Exponential Growth and Decay in Population

Key Concepts

• Equation for Population Growth:
  [ \frac{dp}{dt} = k \times p ]
  • ( dp/dt ): Rate of population growth
  • ( k ): Relative growth rate
  • ( p ): Size of the population at time ( t )

Conceptual Understanding

• Proportional Growth:
  • If population size doubles, the growth rate also doubles.
  • Example:
    • 1000 bacteria grow at 50 cells/hour;
    • 2000 bacteria grow at 100 cells/hour.

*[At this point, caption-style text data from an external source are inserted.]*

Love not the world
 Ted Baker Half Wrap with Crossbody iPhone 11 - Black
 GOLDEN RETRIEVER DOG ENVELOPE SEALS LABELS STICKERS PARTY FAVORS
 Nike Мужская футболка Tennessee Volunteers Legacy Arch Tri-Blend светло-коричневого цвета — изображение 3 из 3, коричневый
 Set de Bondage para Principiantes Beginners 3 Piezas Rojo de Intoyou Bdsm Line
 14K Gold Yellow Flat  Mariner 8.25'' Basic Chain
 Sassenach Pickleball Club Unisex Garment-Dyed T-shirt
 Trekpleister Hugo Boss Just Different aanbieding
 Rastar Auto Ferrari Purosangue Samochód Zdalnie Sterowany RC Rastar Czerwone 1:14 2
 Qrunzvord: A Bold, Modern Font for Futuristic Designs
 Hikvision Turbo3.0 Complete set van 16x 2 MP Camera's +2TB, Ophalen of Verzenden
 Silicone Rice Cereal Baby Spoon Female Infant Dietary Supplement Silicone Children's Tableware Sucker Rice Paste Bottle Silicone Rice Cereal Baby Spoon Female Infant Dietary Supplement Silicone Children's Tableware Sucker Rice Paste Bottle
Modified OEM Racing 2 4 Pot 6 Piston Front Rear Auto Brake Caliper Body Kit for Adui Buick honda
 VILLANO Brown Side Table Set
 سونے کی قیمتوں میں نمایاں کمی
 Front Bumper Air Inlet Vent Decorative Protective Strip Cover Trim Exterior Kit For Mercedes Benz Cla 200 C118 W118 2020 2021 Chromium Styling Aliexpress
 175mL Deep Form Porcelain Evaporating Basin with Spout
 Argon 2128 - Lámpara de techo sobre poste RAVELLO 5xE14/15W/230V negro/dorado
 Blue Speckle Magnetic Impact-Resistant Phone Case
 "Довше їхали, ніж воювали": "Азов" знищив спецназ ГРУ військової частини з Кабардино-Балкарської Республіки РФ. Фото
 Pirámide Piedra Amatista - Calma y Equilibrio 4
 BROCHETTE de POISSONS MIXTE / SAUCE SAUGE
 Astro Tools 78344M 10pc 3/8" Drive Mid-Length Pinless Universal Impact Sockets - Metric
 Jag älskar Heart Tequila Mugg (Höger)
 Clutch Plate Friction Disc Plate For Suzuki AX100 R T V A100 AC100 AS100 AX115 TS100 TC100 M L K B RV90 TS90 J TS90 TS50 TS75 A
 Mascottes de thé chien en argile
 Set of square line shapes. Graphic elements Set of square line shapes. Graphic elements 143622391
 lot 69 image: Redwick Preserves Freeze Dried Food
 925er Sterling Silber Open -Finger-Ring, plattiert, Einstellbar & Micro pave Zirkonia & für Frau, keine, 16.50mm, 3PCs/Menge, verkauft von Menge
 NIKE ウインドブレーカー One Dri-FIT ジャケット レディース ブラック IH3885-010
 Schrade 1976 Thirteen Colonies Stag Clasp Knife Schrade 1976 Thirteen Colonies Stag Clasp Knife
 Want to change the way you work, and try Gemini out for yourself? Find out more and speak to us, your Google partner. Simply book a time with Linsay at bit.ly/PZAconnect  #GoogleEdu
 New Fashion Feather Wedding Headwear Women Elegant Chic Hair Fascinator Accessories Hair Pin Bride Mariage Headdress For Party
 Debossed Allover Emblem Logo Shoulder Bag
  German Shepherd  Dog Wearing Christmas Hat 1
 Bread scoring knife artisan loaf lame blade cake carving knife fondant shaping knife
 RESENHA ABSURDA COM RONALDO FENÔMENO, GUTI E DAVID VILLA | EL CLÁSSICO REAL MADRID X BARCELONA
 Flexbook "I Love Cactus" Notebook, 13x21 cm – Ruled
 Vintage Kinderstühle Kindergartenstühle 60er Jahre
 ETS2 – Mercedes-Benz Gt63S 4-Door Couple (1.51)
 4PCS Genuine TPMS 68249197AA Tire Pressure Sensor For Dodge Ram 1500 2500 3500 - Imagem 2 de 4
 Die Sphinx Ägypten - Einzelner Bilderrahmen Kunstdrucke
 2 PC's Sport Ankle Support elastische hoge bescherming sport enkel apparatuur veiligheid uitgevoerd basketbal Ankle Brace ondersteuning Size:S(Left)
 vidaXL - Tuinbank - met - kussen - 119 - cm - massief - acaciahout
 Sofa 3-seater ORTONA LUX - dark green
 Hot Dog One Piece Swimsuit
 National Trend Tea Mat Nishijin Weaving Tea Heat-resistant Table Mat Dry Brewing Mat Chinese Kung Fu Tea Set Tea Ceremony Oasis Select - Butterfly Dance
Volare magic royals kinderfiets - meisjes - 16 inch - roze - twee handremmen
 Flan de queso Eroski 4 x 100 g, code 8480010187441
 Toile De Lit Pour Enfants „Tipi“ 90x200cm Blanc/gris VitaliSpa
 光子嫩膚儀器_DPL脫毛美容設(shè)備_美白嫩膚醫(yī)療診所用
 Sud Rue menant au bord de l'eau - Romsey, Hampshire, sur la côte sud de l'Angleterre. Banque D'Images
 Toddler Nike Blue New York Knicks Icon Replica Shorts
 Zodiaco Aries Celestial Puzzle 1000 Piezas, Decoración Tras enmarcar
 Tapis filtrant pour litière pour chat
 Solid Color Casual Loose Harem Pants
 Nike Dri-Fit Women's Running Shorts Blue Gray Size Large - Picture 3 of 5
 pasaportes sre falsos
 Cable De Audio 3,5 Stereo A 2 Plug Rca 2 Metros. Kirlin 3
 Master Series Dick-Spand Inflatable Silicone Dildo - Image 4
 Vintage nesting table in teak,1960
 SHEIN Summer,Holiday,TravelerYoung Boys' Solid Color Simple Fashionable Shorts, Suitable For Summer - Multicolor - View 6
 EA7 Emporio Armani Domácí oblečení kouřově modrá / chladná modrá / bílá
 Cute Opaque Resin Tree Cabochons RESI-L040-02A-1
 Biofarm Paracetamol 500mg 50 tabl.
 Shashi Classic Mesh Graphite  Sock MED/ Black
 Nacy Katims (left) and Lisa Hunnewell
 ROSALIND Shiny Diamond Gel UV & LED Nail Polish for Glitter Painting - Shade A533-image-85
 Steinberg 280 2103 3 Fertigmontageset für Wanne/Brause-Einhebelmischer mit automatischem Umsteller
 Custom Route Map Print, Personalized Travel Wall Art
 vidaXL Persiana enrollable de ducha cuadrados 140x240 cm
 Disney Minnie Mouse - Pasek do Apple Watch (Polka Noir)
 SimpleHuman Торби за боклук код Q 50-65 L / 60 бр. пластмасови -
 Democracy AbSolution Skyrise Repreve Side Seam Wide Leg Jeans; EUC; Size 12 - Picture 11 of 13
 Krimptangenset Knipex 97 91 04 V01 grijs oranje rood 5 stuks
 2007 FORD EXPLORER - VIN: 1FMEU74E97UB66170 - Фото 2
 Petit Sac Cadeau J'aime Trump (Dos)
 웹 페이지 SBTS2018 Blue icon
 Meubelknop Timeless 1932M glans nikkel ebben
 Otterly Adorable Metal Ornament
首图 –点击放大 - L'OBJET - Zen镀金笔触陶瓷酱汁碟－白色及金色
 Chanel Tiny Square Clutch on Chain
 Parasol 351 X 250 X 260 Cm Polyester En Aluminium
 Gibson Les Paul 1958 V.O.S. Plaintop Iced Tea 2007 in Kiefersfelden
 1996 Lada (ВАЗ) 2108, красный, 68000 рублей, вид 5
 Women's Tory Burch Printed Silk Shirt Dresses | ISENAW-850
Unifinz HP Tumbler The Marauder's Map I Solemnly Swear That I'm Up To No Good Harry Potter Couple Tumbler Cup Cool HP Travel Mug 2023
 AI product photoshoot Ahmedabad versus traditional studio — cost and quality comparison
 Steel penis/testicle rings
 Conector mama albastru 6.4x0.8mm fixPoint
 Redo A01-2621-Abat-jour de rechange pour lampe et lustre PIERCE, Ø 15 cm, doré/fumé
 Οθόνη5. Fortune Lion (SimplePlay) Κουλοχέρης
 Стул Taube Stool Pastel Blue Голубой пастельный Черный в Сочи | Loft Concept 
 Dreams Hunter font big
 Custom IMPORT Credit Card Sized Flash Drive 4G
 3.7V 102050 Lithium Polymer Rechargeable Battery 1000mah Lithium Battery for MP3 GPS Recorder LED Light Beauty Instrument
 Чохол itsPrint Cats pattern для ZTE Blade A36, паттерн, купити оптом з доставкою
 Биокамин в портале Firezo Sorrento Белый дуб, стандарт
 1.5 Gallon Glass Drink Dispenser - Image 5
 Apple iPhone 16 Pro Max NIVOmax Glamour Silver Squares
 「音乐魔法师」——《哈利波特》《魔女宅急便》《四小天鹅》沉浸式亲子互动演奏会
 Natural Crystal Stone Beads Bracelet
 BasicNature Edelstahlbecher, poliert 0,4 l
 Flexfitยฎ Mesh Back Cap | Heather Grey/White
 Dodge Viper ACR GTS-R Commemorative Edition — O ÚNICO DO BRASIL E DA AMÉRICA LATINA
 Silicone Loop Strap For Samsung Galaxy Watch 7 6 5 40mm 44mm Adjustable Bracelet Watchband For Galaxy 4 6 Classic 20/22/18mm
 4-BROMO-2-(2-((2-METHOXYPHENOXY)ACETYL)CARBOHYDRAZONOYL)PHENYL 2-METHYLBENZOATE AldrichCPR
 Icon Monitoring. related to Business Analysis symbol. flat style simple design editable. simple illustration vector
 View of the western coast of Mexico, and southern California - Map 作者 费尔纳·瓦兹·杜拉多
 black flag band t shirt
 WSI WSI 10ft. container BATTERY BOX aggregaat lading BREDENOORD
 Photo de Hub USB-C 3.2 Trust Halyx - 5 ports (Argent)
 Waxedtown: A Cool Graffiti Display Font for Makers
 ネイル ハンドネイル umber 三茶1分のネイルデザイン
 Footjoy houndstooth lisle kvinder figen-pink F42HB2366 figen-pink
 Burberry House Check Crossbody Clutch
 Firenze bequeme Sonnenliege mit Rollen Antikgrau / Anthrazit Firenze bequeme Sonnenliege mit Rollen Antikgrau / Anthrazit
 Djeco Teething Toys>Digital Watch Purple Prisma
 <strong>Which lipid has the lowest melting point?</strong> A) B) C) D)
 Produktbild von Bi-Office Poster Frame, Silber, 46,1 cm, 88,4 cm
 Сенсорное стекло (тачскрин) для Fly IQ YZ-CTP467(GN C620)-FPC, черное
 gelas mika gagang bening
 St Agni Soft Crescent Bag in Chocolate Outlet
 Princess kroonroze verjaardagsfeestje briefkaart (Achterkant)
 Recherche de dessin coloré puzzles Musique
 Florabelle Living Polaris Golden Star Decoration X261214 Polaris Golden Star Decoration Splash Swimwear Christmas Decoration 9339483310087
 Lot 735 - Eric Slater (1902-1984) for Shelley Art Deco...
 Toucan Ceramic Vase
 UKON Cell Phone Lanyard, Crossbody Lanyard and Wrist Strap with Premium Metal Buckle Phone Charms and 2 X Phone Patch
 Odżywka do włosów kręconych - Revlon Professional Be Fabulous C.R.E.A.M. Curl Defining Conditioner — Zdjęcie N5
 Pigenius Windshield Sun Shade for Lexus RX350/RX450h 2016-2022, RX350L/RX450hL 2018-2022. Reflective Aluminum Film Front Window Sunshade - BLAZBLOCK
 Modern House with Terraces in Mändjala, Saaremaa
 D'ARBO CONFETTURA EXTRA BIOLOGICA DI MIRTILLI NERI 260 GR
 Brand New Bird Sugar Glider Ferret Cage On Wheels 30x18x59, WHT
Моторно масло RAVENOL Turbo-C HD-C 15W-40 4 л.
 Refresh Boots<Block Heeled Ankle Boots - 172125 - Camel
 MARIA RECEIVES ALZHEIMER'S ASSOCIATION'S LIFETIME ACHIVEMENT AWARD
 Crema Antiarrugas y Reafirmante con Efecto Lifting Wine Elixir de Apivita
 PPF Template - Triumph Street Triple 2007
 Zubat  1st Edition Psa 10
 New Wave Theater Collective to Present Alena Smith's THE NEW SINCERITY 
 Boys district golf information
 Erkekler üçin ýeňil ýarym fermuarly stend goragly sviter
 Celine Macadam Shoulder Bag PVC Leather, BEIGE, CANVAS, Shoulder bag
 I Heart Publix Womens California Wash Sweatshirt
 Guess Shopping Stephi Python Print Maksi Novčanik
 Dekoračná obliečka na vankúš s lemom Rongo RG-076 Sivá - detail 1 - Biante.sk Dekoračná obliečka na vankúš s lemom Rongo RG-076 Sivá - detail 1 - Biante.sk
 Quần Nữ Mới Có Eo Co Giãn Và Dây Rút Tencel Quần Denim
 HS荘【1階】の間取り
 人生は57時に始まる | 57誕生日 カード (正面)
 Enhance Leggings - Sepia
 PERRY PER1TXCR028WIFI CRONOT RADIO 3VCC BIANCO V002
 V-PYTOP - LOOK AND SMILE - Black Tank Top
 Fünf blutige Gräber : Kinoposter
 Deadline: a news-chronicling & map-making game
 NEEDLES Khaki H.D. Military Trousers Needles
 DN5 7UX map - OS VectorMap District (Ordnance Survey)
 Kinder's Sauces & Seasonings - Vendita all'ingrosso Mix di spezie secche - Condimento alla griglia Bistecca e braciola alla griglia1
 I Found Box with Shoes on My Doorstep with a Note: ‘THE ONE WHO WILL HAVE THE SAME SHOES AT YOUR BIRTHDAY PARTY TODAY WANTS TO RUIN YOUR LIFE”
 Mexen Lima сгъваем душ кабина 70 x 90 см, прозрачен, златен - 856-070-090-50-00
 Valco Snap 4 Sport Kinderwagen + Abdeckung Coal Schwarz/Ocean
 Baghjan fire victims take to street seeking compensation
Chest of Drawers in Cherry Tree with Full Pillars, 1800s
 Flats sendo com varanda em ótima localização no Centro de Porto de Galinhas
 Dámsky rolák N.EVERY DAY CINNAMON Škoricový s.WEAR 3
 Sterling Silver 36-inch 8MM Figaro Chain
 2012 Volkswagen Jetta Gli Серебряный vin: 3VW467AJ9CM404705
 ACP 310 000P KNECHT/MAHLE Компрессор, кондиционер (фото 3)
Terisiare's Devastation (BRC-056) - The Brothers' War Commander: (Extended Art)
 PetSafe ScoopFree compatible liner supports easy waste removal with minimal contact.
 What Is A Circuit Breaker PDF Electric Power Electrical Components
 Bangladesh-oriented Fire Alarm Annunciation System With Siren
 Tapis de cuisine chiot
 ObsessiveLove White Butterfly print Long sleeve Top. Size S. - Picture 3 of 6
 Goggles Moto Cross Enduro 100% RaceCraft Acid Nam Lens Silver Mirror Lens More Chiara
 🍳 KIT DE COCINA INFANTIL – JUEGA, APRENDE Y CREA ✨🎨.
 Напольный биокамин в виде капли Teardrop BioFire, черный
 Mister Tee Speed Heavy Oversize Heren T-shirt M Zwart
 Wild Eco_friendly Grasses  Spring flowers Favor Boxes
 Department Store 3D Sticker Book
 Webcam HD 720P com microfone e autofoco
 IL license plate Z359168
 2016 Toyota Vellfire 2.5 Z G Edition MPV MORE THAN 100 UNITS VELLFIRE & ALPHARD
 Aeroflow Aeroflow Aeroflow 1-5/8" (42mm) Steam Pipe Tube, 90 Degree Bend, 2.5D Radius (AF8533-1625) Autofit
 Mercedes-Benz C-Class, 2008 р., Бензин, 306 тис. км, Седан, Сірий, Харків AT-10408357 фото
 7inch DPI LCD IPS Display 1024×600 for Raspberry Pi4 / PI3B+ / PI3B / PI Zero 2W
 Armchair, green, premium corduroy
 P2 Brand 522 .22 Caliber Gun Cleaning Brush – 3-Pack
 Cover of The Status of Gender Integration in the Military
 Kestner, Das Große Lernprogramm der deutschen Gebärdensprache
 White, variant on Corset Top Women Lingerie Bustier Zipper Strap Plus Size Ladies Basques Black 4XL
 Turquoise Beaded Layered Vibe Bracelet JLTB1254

Deriving the General Formula

1. Starting equation:
   [ dp = k imes p imes dt ]
2. Separate variables:
   [ \frac{1}{p} dp = k dt ]
3. Integrate both sides:
   • Left side: ( \ln(p) )
   • Right side: ( kt + c )
4. Exponentiate to solve for ( p ):
   [ p = C e^{kt} ]
5. Find initial population ( p_0 ):
   • When ( t = 0 ):
     [ p(0) = C e^{0} = C \rightarrow p_0 ]
6. Final equation:
   [ p(t) = p_0 e^{kt} ]

Example Problem: Rabbit Population

• Given: Rabbit population on an island starting in year 2000.
• Calculate Initial Population:
  • ( p_0 = 1500 ) when ( t = 0 )
• Using Data Point:
  • Population in 2001 (t = 1) is 1577.
  • ( 1577 = 1500 e^{k} )
  • Solve for ( k ):
    • ( k = \ln(1.0513) \approx 0.05 )
• General Formula:
  [ p(t) = 1500 e^{0.05t} ]

Population Estimates

• Estimate for 2010:
  • ( t = 10 ):
    [ p(10) = 1500 e^{0.5} \approx 2473 \text{ rabbits} ]
• Doubling Time:
  • To find when population doubles to 3000:
    [ 2 = e^{0.05t} ]
  • Solve:
    [ t = \frac{\ln(2)}{0.05} \approx 13.86 \text{ years} ]
  • Round to:
  • Approx. 14 years (by year 2014).

Summary

• Understanding exponential growth is crucial for modeling populations.
• The derived formula ( p(t) = p_0 e^{kt} ) is key for predictions and calculations.